Telefonların fiziksel yan etkilerinin sigara içmeye benzemediği ortada ama akıllı telefonlarla geçen birkaç on yıldan sonra fark edeceğiz ki herkes telefon kullanımına sınır koyamıyor. Bağımlılar ne sunulursa sunulsun ona bağımlı olacak. Elbette telefonlar yüzünden amfizeminiz olmayacak ya da kötü kokmayacaksınız ama takıntılı derecede telefon kullanımının stres, depresyon ve anksiyeteyle ilişkisi olduğu saptandı.
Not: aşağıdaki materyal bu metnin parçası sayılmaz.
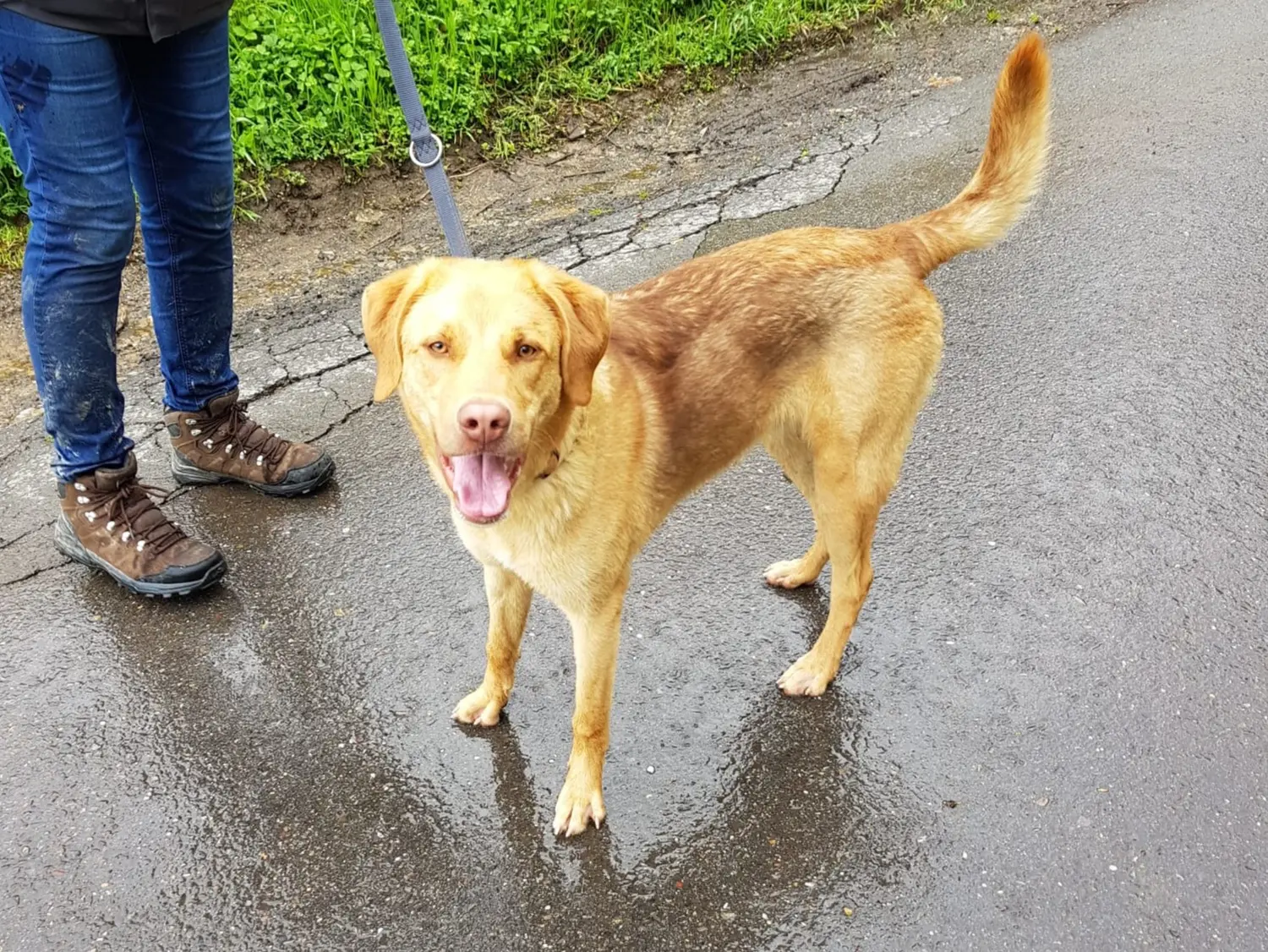 Hund von Tierschutzverein Pforzheim und Umgebung e.V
Akıllı telefonlar hayatımızda nispeten yeni bir şey, on veya yirmi yıl çok değil ve bazılarımızın telefonlarını bırakamadığı gerçeğinden bahsetmeye daha yeni başladık. Giderek daha az insan kendi düşünceleriyle baş başa kalıyor. Barda bir arkadaşımızı beklerken, trende otururken, yatakta uzanırken telefonumuzu çıkarıverip dünyayı bize katılmaya davet ediyoruz. Sürekli mesajlaşmak, uygulamalarımızı tekrar tekrar kontrol etmek, her zaman bir doz dopamin etkisi gösterecek şu mesaja ya da bu bildirime bakmak...

Benim için bunun sorun olduğunu kabullenmeden önce uzun zaman geçmesi gerekti: ancak kızım daha bebekken bir gölete düşünce bunu fark edebildim. Gölet bir arkadaşın evinin bahçesinde, su mercimeğiyle kaplanmıştı. Kızımın sadece birkaç metre ötesindeydim ama çok geç olup kızım içine düşene kadar orada aslında su olduğunu fark etmedim. Onun ardından atlayıp onu dışarı çektim (çamura basıp kaymıştı ve bir saniyeliğine tamamen suyun altında kaldı, korkunçtu). Çok geçmeden yıkanıp ısınmış, bir havluya sarılı, sıcak çikolata içerek oturuyordu. Tamamen güvendeydi.

Bahçede ona o kadar yakın olmasaydım ne kadar farklı bir gün olabileceğinin şoku bünyeme nüfuz edince küçük bir rahatlama çığlığı atmıştım. Oğlum o zamanlar yedi yaşındaydı ve gelip "Kardeşim düştüğünde telefonda mıydın annecim?" demişti. Hayır, değildim. Telefonum yanımda değildi. Ama gayet olabilirdi de. Sadece olmadığı bir ana denk gelmişti. Ama oğlumun hemen annesi telefonuyla meşgul olduğu için kız kardeşinin gölete düştüğünü varsayması beni kahretti. Beni böyle görüyordu işte: Sürekli telefon ekranına bakan bir kadın.

O zamandan beri bazı şeyleri değiştirdim. Eğer çocuklarla berabersem, telefonumu ortadan kaldırıyorum. Yazdığım yazılarsa başka bir hikaye. Bu yazıyı yazarken telefonumu yaklaşık 17 kez kontrol ettim. Ne de olsa, bağımlılık. Umarım ben bunu yazarken hiçbiriniz gölete falan düşmemiştir!

 

*Bu makalede yer alan fikirler yazara aittir ve Independent Türkçe’nin editöryal politikasını yansıtmayabilir.